The Second Severomuysky Tunnel (Russian: Второй Северому́йский тонне́ль) is a 15 km long one-way Russian gauge railroad tunnel, which is currently under construction on the Baikal–Amur Mainline (BAM) in the north-western part of Buryatia, Russia. It crosses the Severomuysky Range and will go along the ‘first’ Severomuysky Tunnel constructed in 1975-2003. The new tunnel will allow to increase the annual freight capacity of that particular part of the BAM from 16 to 100 million tons.

The construction started in August 2019.

== History ==
In 2010, the Russian Railways president Vladimir Yakunin announced his ambitious plan to reconstruct the BAM to reach a freight capacity of 100 million tons by 2050. The main obstacle was the worst ‘bottleneck’ of the BAM — the aging one-way Severomuysky Tunnel.

The idea to build a new tunnel was first made public in the summer of 2018. In November, it was announced that the second tunnel would add another 68 daily trains to today’s 38, and the budget for the new tunnel construction was estimated at 190 billion rubles, excluding VAT ($2.89 billion).

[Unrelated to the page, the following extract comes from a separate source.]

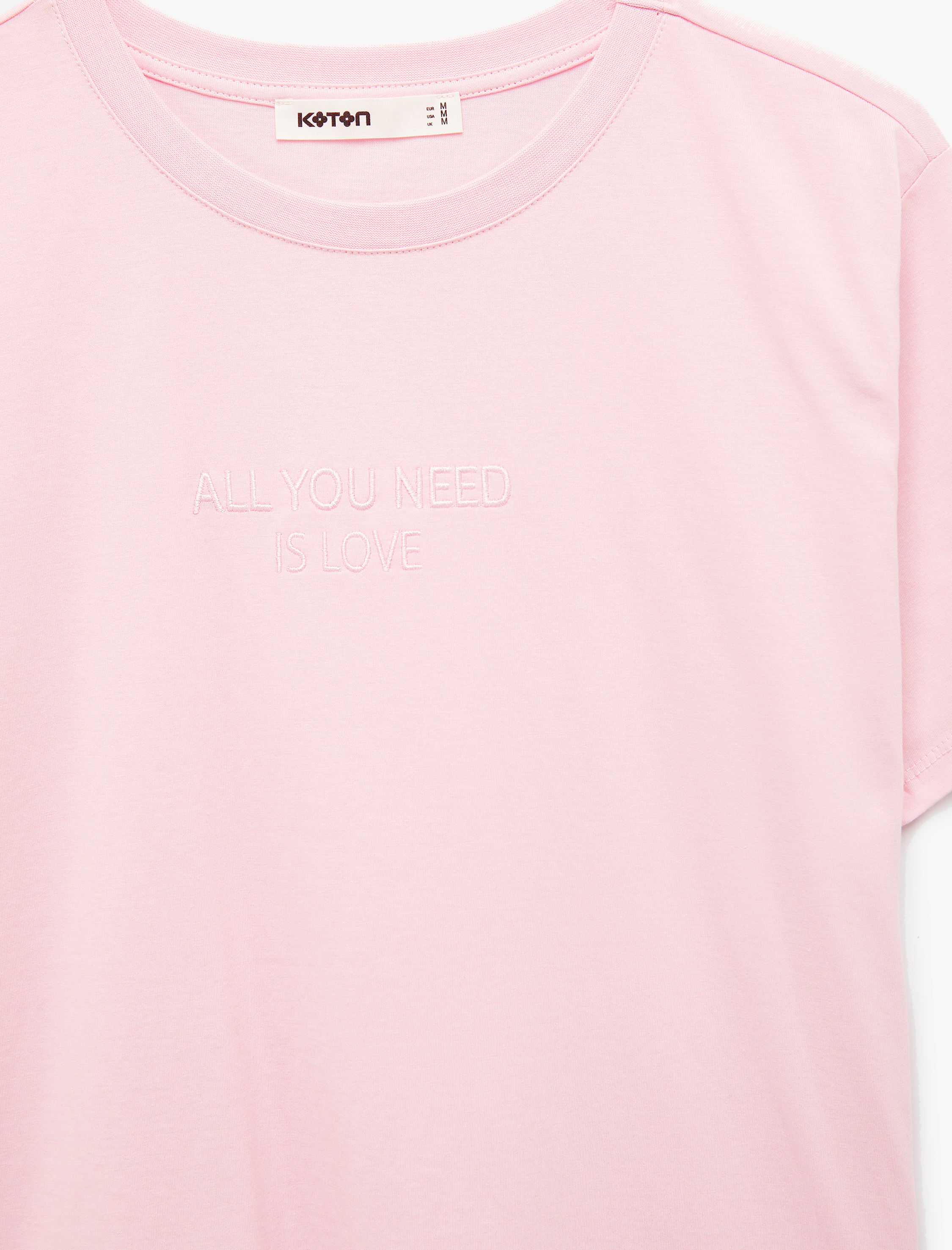   Pamuklu Bisiklet Yaka İşleme Detaylı Kısa Kollu Tişört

In March 2019, Dmitry Bosov, the owner of Siberian Anthracite Group, sent a letter to the Russian president Vladimir Putin, proposing to build the new tunnel in 5 years and privately finance it in exchange for the Group’s priority access to the BAM and the Trans-Siberian Railway to transport 50 mln tons of cargo annually for the next 25 years. Such a deal will allow Sibanthracite to significantly increase its delivery of anthracite and metallurgical coal to the Pacific Rim. The content of the letter was disclosed by Vedomosti, a Russian business daily.

Dmitry Bosov suggested that Sibanthracite Group will require 60 billion rubles ($0.92 billion) to construct the new tunnel.

In early 2020, the project stopped following the suicide of Dmitry Bosov.

== Concession ==
According to the Russian Railways president Oleg Belozyorov, his colleagues together with the Federal Agency for Railway Transport, the Ministry of Transport, and the Federal Antimonopoly Service are still working on forming a public-private partnership that would legitimise the proposed ‘concession with lease’ and still provide Russian companies with a non-discriminatory access to the railways.

== Construction ==
In December 2019, Sibanthracite Group commissioned the US company Robbins to design and construct two Robbins Crossover XRE tunnel boring machines.

On August 20, 2019, the pre-construction work began on the site. The excavation of the 10,3 m wide tunnel was planned to begin from both sides: from the Western portal in October 2020 and from the Eastern portal in January 2021.

Based on the experience of the excavation of the first tunnel, Russian specialists claim that the Severomuysky Range is one of the most complicated subjects for tunnel excavation.